*** Opening of Dataset records ***
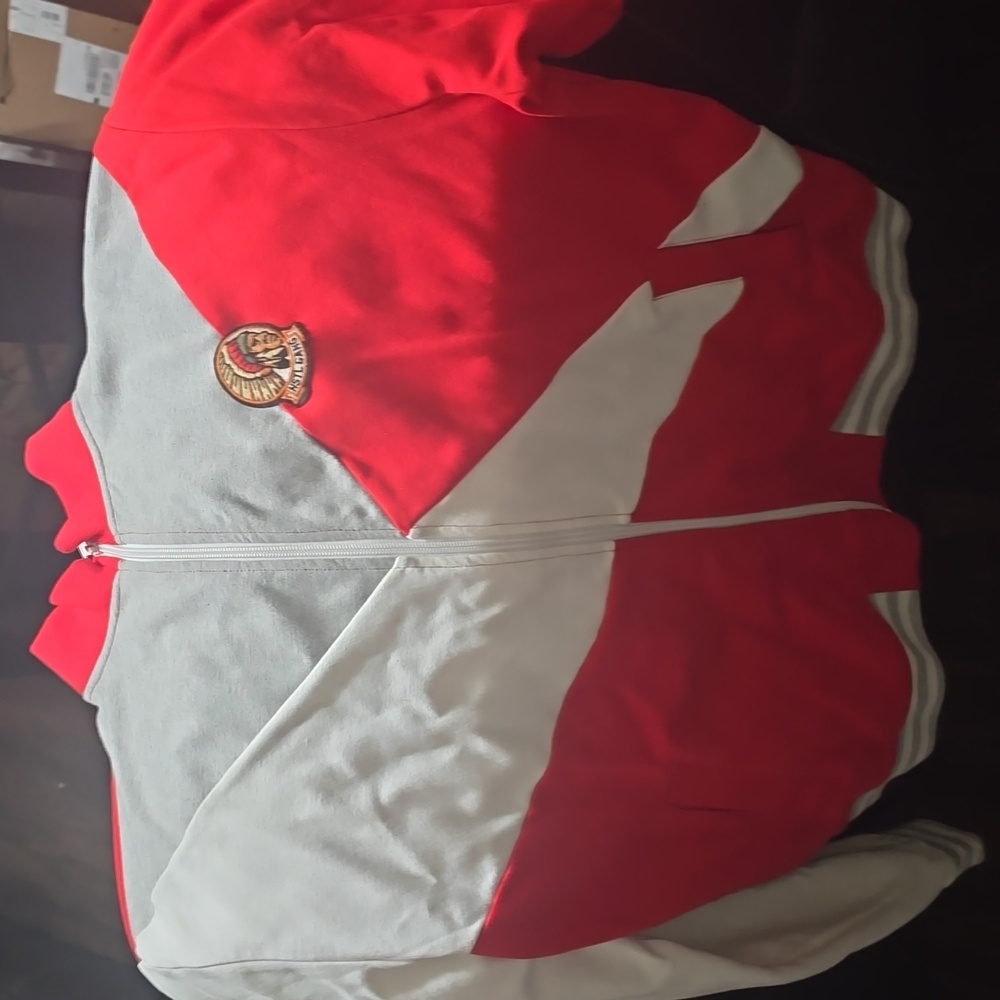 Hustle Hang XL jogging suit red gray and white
*** Close of Dataset records ***
*** Opening of Dataset records ***
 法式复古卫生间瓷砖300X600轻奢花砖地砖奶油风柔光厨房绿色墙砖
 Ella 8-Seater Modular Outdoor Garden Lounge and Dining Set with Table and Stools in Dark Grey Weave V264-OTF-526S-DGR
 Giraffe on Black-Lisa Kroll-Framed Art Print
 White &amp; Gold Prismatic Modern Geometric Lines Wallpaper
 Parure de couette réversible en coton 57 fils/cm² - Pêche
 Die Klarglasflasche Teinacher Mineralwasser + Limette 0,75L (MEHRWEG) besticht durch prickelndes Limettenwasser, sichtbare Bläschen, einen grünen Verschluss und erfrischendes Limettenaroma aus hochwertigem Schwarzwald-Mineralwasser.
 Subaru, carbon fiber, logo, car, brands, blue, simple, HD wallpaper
*** Close of Dataset records ***
Task instructions =
When the line with "Ella 8-Seater Modular" is reached in the data above, start copying there, and copy each line exactly until the line with "Subaru, carbon fiber, logo, car, brands, blue, simple, HD" has been copied; copy nothing else.

The answer =
 Ella 8-Seater Modular Outdoor Garden Lounge and Dining Set with Table and Stools in Dark Grey Weave V264-OTF-526S-DGR
 Giraffe on Black-Lisa Kroll-Framed Art Print
 White &amp; Gold Prismatic Modern Geometric Lines Wallpaper
 Parure de couette réversible en coton 57 fils/cm² - Pêche
 Die Klarglasflasche Teinacher Mineralwasser + Limette 0,75L (MEHRWEG) besticht durch prickelndes Limettenwasser, sichtbare Bläschen, einen grünen Verschluss und erfrischendes Limettenaroma aus hochwertigem Schwarzwald-Mineralwasser.
 Subaru, carbon fiber, logo, car, brands, blue, simple, HD wallpaper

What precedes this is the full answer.